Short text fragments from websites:
______________________________

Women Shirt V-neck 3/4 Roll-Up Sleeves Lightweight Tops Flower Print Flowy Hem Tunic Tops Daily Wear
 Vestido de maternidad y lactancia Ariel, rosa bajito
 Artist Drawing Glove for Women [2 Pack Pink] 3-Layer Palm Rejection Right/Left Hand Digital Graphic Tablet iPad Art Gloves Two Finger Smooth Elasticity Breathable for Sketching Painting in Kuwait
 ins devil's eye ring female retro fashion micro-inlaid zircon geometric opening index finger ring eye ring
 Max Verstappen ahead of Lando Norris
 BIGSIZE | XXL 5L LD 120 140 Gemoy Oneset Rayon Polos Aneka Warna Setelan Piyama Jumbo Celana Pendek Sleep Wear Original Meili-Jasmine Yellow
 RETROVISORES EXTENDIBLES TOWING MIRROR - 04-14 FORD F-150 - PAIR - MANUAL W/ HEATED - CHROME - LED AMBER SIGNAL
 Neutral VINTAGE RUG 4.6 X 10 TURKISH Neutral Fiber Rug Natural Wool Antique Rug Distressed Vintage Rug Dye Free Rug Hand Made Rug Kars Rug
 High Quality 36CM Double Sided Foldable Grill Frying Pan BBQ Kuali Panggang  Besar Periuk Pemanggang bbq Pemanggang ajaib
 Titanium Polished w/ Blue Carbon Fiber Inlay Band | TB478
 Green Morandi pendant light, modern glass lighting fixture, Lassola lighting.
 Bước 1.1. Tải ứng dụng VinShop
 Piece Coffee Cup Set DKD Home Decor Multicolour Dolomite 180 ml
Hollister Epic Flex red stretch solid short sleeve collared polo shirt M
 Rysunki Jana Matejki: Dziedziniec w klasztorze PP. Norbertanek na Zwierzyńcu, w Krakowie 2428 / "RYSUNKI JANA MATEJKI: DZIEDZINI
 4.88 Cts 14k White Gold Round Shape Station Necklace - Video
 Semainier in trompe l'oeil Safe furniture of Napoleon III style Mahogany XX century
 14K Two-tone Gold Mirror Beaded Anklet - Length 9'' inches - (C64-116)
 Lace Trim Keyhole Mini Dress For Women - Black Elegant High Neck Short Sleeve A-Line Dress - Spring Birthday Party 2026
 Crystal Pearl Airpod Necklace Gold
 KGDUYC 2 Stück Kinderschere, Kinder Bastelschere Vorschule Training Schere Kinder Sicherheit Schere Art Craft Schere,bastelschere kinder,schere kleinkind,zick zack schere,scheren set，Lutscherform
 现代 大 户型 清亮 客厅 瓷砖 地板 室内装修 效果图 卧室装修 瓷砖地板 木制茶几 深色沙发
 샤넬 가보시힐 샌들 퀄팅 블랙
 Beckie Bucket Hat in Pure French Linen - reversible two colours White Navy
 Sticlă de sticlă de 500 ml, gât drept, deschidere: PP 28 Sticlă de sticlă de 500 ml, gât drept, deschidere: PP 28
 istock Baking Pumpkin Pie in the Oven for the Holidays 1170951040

______________________________

TASK ITEM: Take the lines above from the one containing "4.88 Cts 14k" down to the one containing "14K Two-tone Gold", and transcribe them exactly, both ends included.

RESPONSE TO THE TASK:
 4.88 Cts 14k White Gold Round Shape Station Necklace - Video
 Semainier in trompe l'oeil Safe furniture of Napoleon III style Mahogany XX century
 14K Two-tone Gold Mirror Beaded Anklet - Length 9'' inches - (C64-116)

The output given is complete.